■ **Data**
────────────────────────────────────────

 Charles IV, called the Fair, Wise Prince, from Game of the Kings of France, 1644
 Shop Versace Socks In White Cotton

────────────────────────────────────────

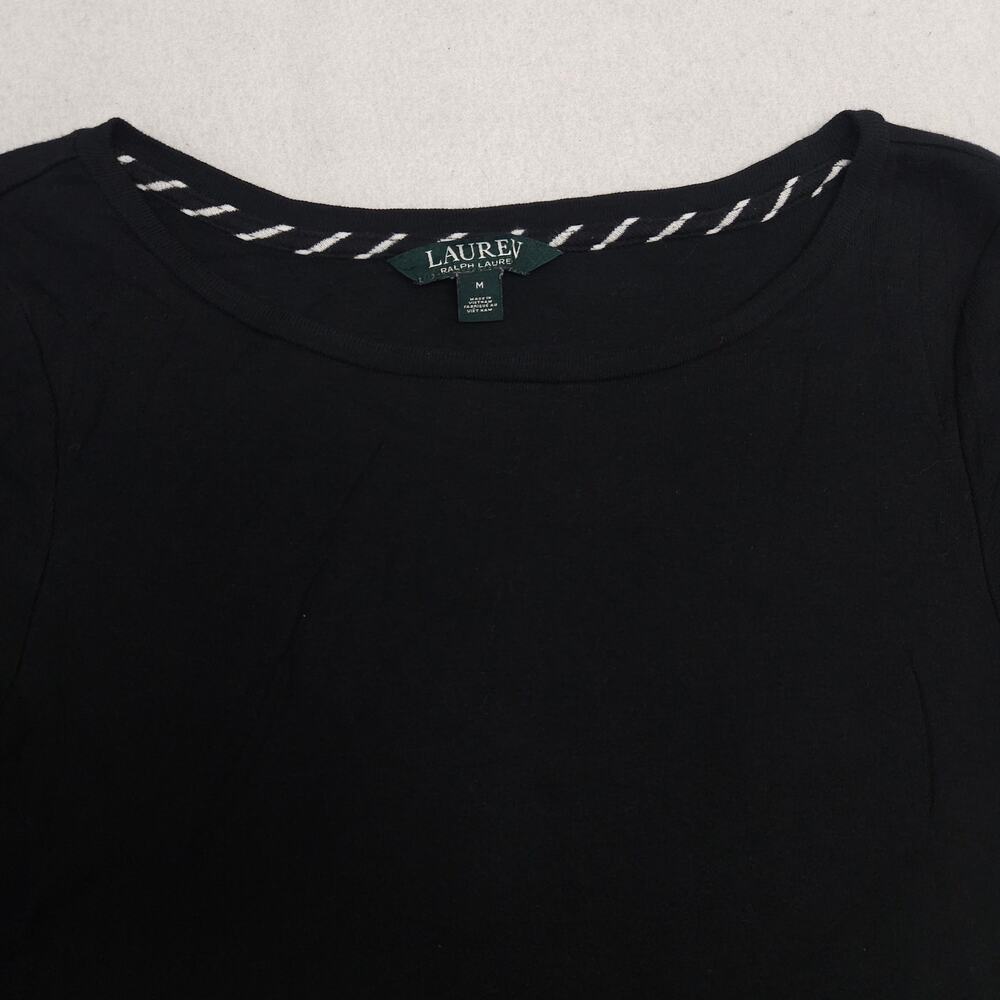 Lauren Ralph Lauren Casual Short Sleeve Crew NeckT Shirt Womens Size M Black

────────────────────────────────────────

■ **Work to be completed**
In the listing above, the lines from the one containing "Charles IV, called" through the one containing "Shop Versace Socks In White Cotton" must be set down exactly, with no other lines.

■ **Your response**
 Charles IV, called the Fair, Wise Prince, from Game of the Kings of France, 1644
 Shop Versace Socks In White Cotton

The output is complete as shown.